Les canonistes ont fait des recherches. Ils ont dit : « Pas de problème ! Écoutez. Est-ce que le spirituel en soi l’emporte sur le temporel ? Mais oui. Le spirituel est éternel, le temporel est lié au temps, ça ne dure pas. Le spirituel l’emporte bien sûr sur le temporel, le matériel. Ah ! De même que le spirituel l’emporte sur le temporel, de même le pouvoir spirituel l’emporte sur le pouvoir temporel. CQFD ! »

Cette compréhension du politique a organisé toute la société. Ça a donné des bagarres et ça a continué, parce qu’il y avait dès lors des gens qui étaient dans le spirituel par définition (les curés, par exemple, ou les ordres religieux; un curé peut passer son temps à réparer des toits, mais il est toujours dans le spirituel, pas dans le matériel). Ça a organisé toute la société, et toute la pensée. C’est ce que je veux mettre en relief. Le pouvoir du spirituel est devenu le pouvoir tout court. Quand l’Église d’ici a dit : « Nous allons nous occuper du spirituel », ça voulait dire : « Nous avons encore un pouvoir. Vous n’y toucherez pas à celui-là. »

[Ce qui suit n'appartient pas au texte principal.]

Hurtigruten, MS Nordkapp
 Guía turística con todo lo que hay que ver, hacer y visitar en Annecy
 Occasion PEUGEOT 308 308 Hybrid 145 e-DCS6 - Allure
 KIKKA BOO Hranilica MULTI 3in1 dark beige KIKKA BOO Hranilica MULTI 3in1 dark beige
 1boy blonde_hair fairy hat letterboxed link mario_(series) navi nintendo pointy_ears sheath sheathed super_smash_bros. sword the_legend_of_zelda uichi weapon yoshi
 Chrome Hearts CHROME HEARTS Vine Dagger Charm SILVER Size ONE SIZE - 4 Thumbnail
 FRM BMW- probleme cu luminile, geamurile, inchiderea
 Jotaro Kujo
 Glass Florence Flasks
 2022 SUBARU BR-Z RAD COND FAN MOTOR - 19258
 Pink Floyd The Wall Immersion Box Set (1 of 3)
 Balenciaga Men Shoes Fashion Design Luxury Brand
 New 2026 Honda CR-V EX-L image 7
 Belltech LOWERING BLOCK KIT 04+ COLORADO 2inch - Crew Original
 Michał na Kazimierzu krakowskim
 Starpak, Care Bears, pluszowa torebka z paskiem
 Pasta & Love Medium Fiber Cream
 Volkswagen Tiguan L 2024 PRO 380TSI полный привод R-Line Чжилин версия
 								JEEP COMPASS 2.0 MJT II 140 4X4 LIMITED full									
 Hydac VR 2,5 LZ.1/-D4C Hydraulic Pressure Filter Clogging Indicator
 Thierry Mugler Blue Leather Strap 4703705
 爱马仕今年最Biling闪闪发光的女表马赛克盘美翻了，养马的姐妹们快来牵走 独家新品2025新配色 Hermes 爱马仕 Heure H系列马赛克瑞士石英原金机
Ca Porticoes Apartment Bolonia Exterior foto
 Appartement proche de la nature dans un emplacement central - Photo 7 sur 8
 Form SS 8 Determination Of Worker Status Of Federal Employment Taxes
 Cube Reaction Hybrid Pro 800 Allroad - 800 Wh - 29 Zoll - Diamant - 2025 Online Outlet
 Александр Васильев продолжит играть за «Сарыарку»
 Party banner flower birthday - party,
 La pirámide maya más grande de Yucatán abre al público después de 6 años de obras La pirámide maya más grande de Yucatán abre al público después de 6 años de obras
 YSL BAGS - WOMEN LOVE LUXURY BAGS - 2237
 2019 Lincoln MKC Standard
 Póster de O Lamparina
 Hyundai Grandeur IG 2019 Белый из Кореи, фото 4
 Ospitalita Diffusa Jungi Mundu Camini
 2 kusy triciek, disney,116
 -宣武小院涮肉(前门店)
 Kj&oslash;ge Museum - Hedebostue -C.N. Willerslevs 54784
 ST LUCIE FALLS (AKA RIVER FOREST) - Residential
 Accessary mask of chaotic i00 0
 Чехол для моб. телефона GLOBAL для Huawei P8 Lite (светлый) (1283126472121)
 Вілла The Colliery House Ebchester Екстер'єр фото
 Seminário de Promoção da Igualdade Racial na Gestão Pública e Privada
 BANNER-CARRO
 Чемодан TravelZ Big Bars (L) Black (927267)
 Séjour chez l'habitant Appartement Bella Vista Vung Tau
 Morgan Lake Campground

Une transformation du spirituel

Mais il est en train de se passer depuis plusieurs années une transformation majeure dans le peuple chrétien et non chrétien : c’est la disparition du spirituel-pouvoir et la dissémination du spirituel partout. Le spirituel n’est pas uniquement dans l’Église, il est dans l’économique, dans le politique, il est dans le pouvoir social, il est partout, le spirituel. Nous pourrons y revenir cet après-midi, pour nous demander comment il se manifeste, comment le discerner… Ça change complètement tout !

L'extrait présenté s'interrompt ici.